• Your task: Skip all pictures; return exactly the lines from the one containing "Pixi buch serie" through the end of the data.

• Information provided:
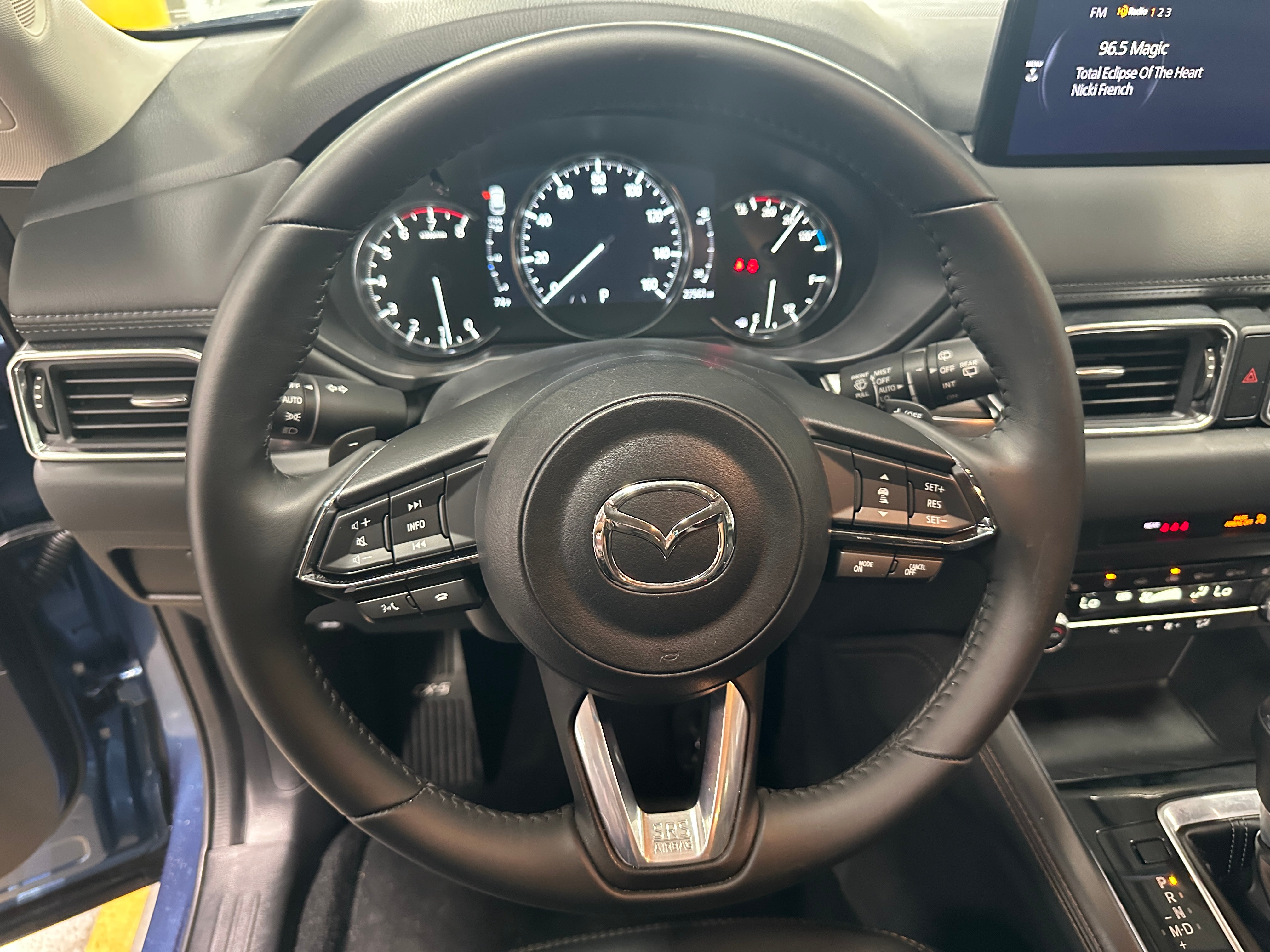 2023 Mazda CX-5 S Premium 4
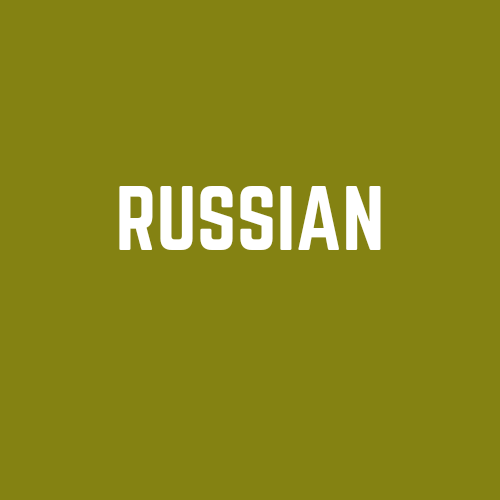russian Movies List 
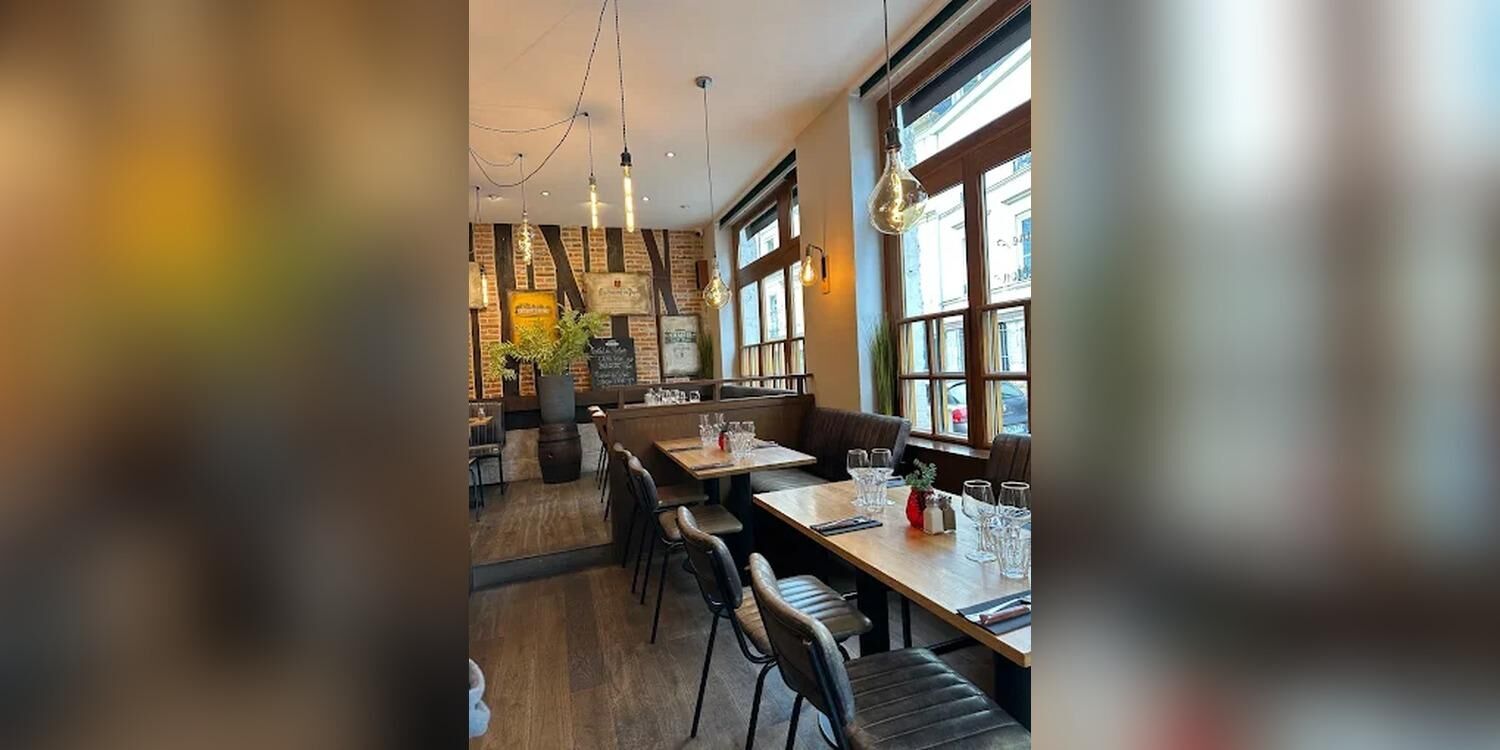 Le Bistrot d'Arthur, restaurant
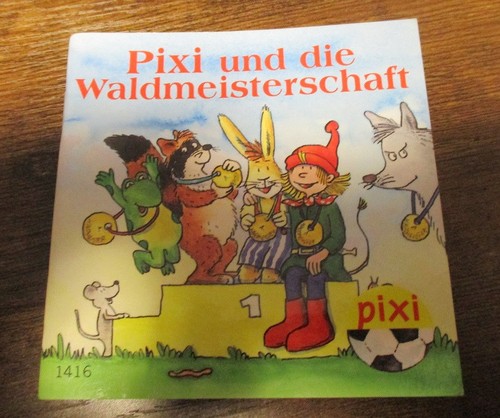 Pixi buch serie 158 - -,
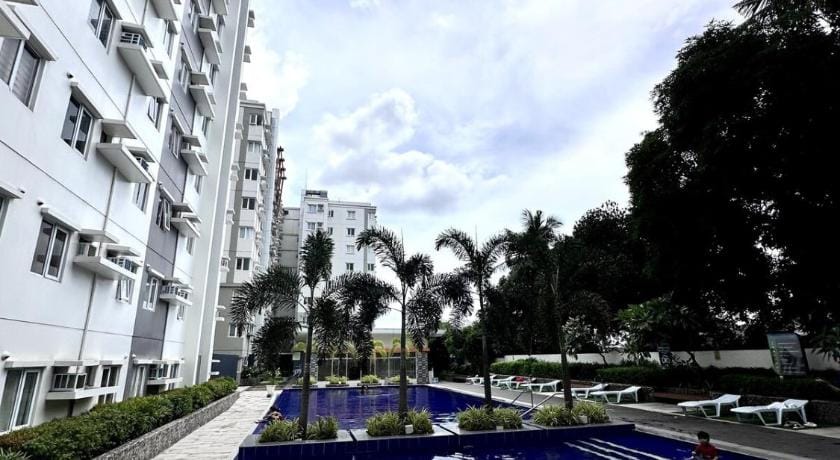HJCRentals @ Symfoni Nichols Bossa Tower 2 Apartment in Cebu City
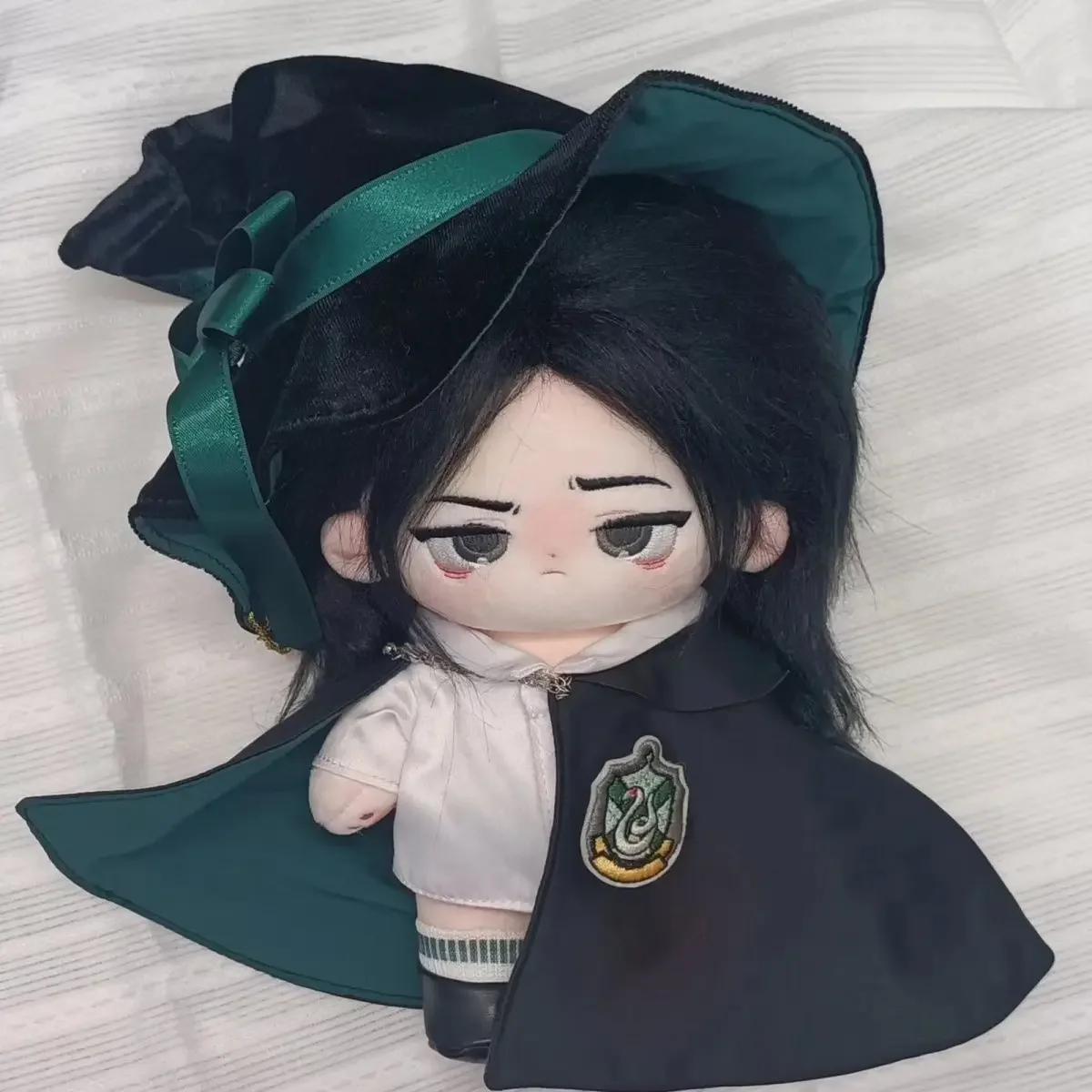 20 سنتيمتر شخصية أنيمي سناب تأثيري القطن دمية الجسم اللعب هدايا للأصدقاء مروحة جمع فستان القطن دمية هدية عيد الميلاد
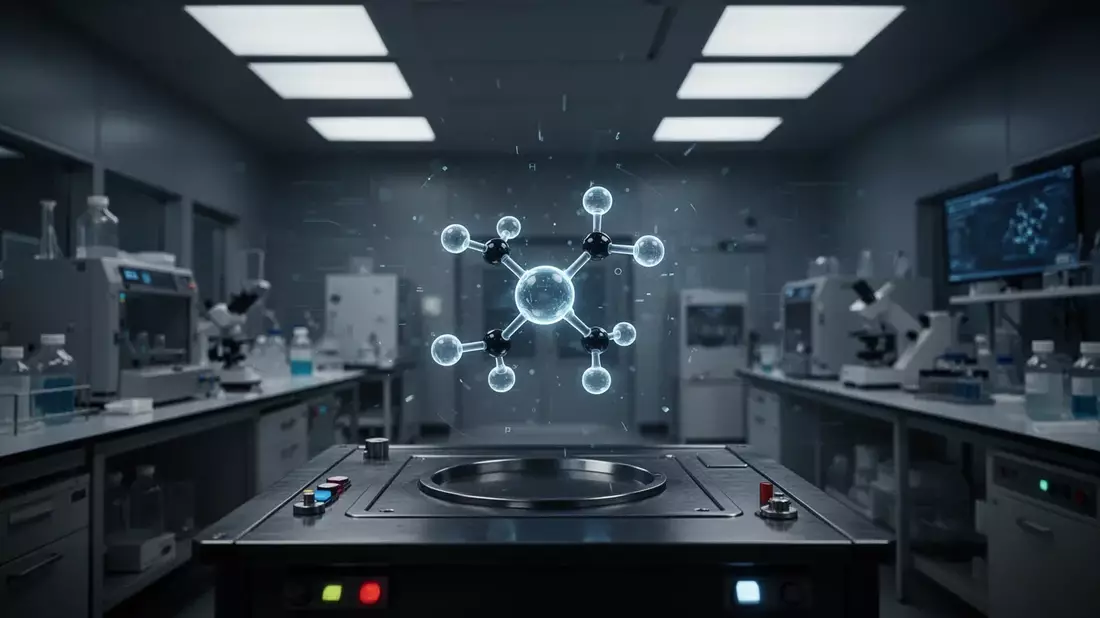 Redwood AI: Eine Milliarde Moleküle für Drogenanalyse - Bild: über boerse-global.de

• Response area:
 Pixi buch serie 158 - -,
HJCRentals @ Symfoni Nichols Bossa Tower 2 Apartment in Cebu City
 20 سنتيمتر شخصية أنيمي سناب تأثيري القطن دمية الجسم اللعب هدايا للأصدقاء مروحة جمع فستان القطن دمية هدية عيد الميلاد
 Redwood AI: Eine Milliarde Moleküle für Drogenanalyse - Bild: über boerse-global.de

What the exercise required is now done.